• Directions for this task:
Repeat exactly the lines of the entries below from the one with "Karcher SE 6" through the one with "Toyota COROLLA SE", both ends included, and nothing else.

• Data for processing:
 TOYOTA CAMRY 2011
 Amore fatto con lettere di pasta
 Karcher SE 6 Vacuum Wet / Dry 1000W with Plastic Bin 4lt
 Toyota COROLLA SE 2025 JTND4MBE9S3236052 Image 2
==
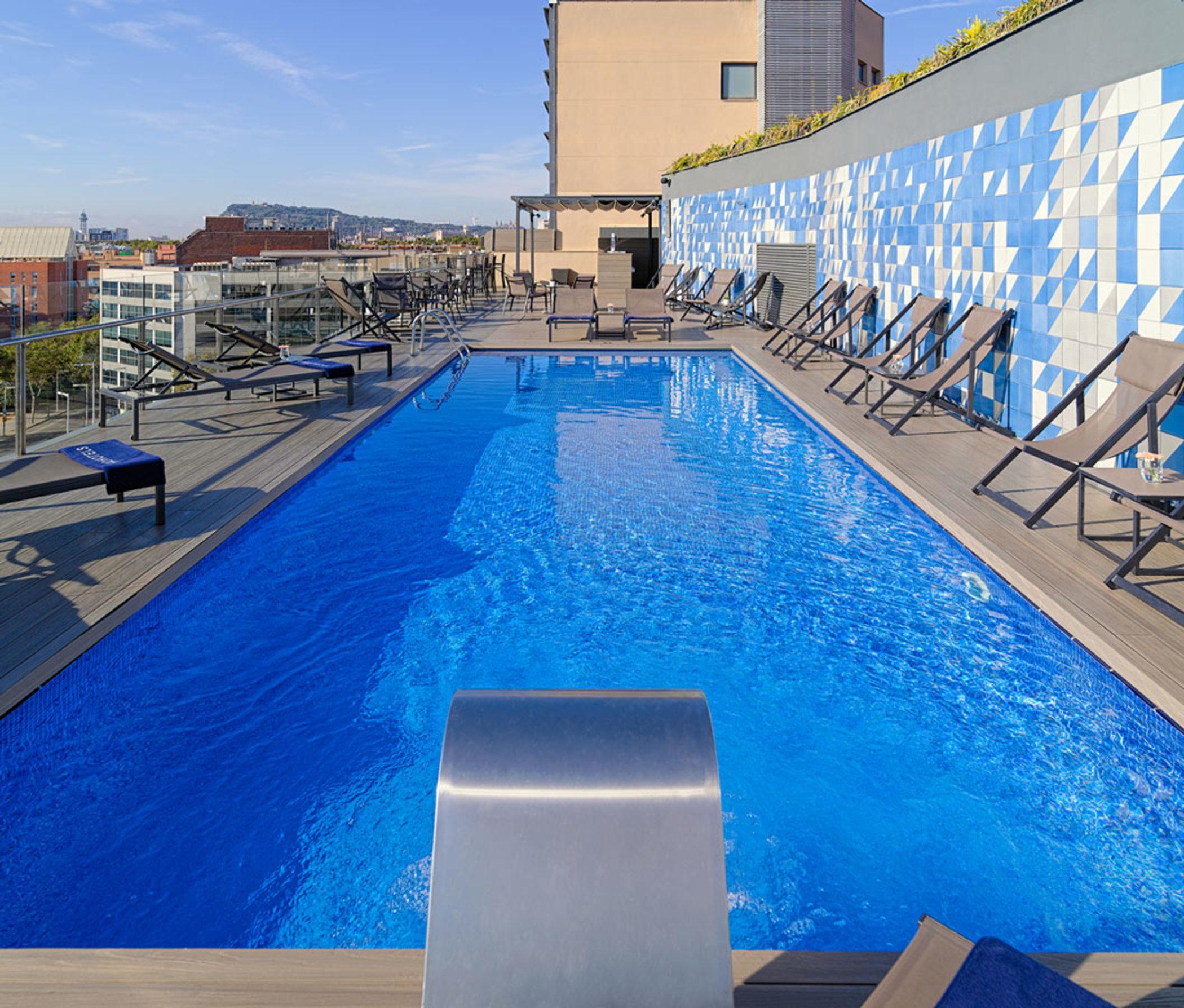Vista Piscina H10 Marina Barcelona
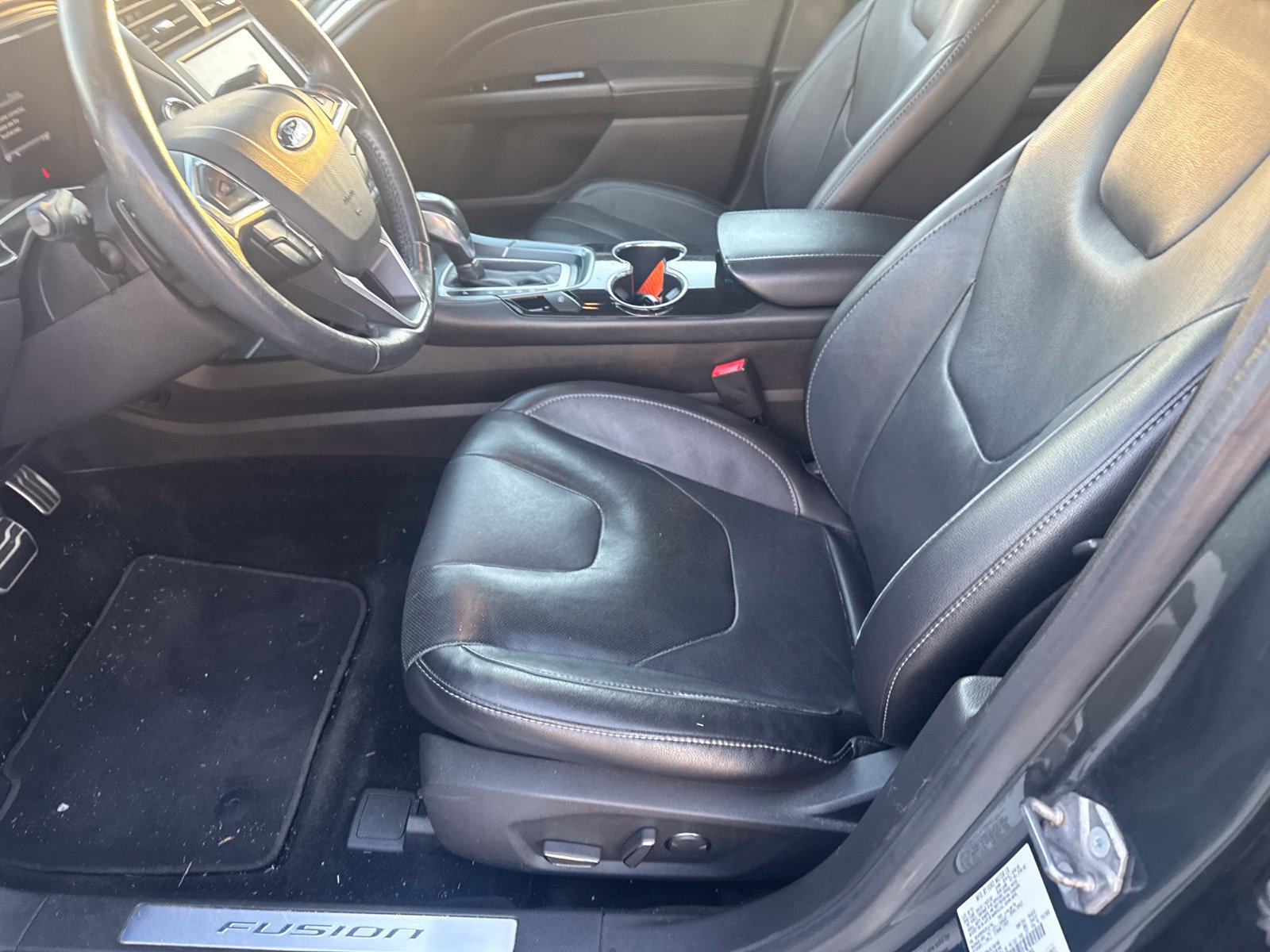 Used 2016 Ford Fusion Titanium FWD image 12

• Task output:
 Karcher SE 6 Vacuum Wet / Dry 1000W with Plastic Bin 4lt
 Toyota COROLLA SE 2025 JTND4MBE9S3236052 Image 2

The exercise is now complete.